After 12 months, patients with diabetes had about twice the mortality rate of non-diabetic patients (16.3% versus 7.3%), and also about twice the rate of combined death, non-fatal re-MI or stroke (28.4% versus 16.4%) (Box 2).

Twelve-month survival curves by type of diabetes treatment are shown in Box 3. All groups of diabetic patients, regardless of therapy type, had worse survival than non-diabetic patients (log-rank P < 0.001).

Compared with non-diabetic patients, those with diabetes had an 80% higher adjusted hazard of 12-month mortality (HR, 1.79; 95% CI, 1.18–2.72; P = 0.007), with the highest hazard in those requiring insulin therapy (HR, 2.53; 95% CI, 1.50–4.28; P = 0.005) (Box 4). Invasive management and the prescription at discharge of aspirin, a statin, β-blocker and/or ACE-inhibitor/AR-antagonist were each associated with a significantly reduced hazard of late mortality (Box 4). However, clopidogrel use was associated with an increased mortality hazard. These same treatment covariates, with the exception of a β-blocker and ACE inhibitor/AR-antagonist, were also independent predictors of a reduction in combined death, re-MI or stroke (Box 4). When analysis was confined to the subgroup with diabetes, the discharge prescription of a statin (HR, 0.27; P < 0.001), β-blocker (HR, 0.34; P < 0.001), or ACE-inhibitor/AR-antagonist (HR, 0.30; P < 0.001) were each independent predictors of reduced 12-month mortality. Invasive management was also associated with a reduced hazard of death (HR, 0.56; 95% CI, 0.28–1.14), although this did not reach a conventional level of statistical significance (P = 0.11). Nevertheless, the observed 5%–15% differences in rates of individual therapies, including invasive management, between patients with and without diabetes accounted for little of the excess mortality hazard associated with diabetes, with an HR of 1.84 (95% CI, 1.29–2.64), decreasing to 1.79 (95% CI, 1.18–2.72) when the model was adjusted for all therapies.

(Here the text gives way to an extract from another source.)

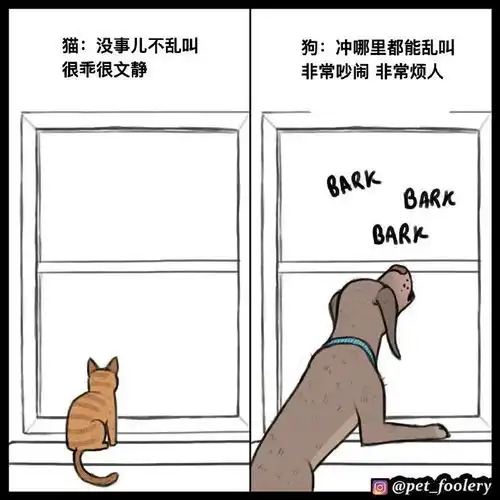 为什么猫咪要比狗狗好原因可能在这里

Our study shows that a substantially higher burden of late morbidity and mortality persists among patients with diabetes who present with acute MI, compared with non-diabetic patients, despite advances in the treatment of ACS. Although much of this excess mortality is explained by diabetes itself, a failure to use evidence-based pharmacotherapies and invasive treatment may also contribute.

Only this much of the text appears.